5 de enero de 2016. Invierno. Una extraña sensación meteorológica invade Madrid, concretamente el Paseo de la Castellana. Para unos hace frío; otros afirman sin dudarlo que el sol brilla y calienta a pares iguales. Ciertos madrileños sienten cómo el viento cala en sus huesos y congelan su cuerpo, en cambio algunos madridistas reciben los rayos de luz como si de una bendición se tratase. Al Santiago Bernabéu entran todo tipo de personalidades: directivos del Real Madrid, periodistas, cámaras, miembros de la seguridad, entre ellos hay una familia francesa que también accede al estadio madridista. Parece que son de esos que tienen calor.

Comienza el acto del presidente blanco. Florentino Pérez compadece ante una marabunta de prensa, pero no parece nervioso. Tampoco parece que vaya a prolongar mucho su intervención. 22 segundos tardó en anunciar lo que todo aquel allí presente esperaba escuchar: “Hemos tomado una difícil decisión, como es resolver el contrato de Rafael Benítez del primer equipo. Estamos ante un magnífico profesional y una gran persona, quiero agradecerle su trabajo estos meses. La Junta Directiva ha decidido nombrar entrenador del primer equipo a Zidane”. 

Un año y tres meses después, esa vehemencia que invadía mi cuerpo no se ha apagado, pero el tiempo me ha ayudado a comprenderla. En estos casi 500 días, Zinedine Zidane ha logrado hazañas que muchos otros se marearían con tan solo pensarlo. Récord de partidos sin perder, mejor estreno de un entrenador del Real Madrid desde 1959, primera persona en conquistar Mundial de Clubes como jugador y como entrenador… y lo mejor, a los cuatro meses de ser nombrado técnico blanco, Zizou ya había conseguido la obsesión del aficionado madridista: la Champions League. Pero todo esto me deja una sensación extraña. Siento que Zidane no ha sido el artífice del éxito madridista. O sí lo ha sido, pero no de la manera que se cree.

Es innegable que algo ha cambiado desde que el francés se erigió como entrenador del Real Madrid. La apatía que transmitían los jugadores ya no está, el juego insulso y desganado que proponían cuando era Benítez el encargado de dar órdenes desde la banda ha desaparecido, no hay duda.

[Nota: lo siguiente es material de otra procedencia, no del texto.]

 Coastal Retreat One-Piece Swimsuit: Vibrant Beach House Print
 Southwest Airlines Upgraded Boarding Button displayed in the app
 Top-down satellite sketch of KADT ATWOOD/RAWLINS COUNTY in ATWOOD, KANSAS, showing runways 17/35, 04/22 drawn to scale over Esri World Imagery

Pero no creo que haya sido el Zidane entrenador con sus tácticas innovadoras el que ha provocado esta revolución, sino más bien el Zidane persona.

Los futbolistas del Madrid siempre han sido (y espero, siempre serán) superdotados futbolísticamente. Los mejores jugadores de la época durante casi toda la historia del deporte rey han militado en el equipo blanco y como buenas estrellas, son especiales. Más allá de los conceptos posicionales, el esquema de juego y todos los modelos tácticos existentes, la fórmula del éxito que ha aplicado Zidane es él mismo.

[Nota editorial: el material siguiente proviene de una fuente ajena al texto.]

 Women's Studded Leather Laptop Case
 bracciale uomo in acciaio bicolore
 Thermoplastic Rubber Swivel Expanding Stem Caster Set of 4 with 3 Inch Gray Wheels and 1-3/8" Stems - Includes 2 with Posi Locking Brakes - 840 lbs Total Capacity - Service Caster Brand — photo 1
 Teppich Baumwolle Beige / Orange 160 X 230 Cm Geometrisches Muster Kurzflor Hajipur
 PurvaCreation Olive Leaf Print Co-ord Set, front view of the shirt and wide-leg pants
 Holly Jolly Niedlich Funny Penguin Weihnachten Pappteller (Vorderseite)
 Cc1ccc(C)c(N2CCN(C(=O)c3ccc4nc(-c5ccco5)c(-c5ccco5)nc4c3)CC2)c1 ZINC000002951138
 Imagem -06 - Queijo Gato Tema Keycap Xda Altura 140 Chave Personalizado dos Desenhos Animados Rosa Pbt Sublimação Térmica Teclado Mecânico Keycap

Mientras que Rafa Benítez buscaba convencer sin éxito a través de enrevesados conocimientos teóricos de fútbol a sus jugadores, a Zizou le ha bastado con aparecer en el vestuario, decir ‘qué tal, soy vuestro nuevo entrenador’ y desplegar esa sonrisa cautivadora para encandilar a los que quince meses más tarde tan sólo han perdido cinco partidos. El francés ha sabido impresionar a su plantilla por ser él mismo, una leyenda del fútbol. Su carisma ha sabido reconducir a un equipo que parecía haber perdido el norte de la temporada y guiarlo hacia el éxito, un éxito que se ha traducido en tres títulos y uno de los mejores ratios de victorias de la historia del club.

No intento desprestigiar el indudable trabajo del cuerpo técnico blanco en cuanto a la preparación física y táctica del equipo vanagloriando lo que el entrenador ha conseguido transmitir a los jugadores, pero realmente creo que el carácter de Zidane es el verdadero secreto de lo que ha conseguido y seguirá consiguiendo el Real Madrid. Él y su personalidad son los culpables del calor que yo y todo el madridismo sentimos.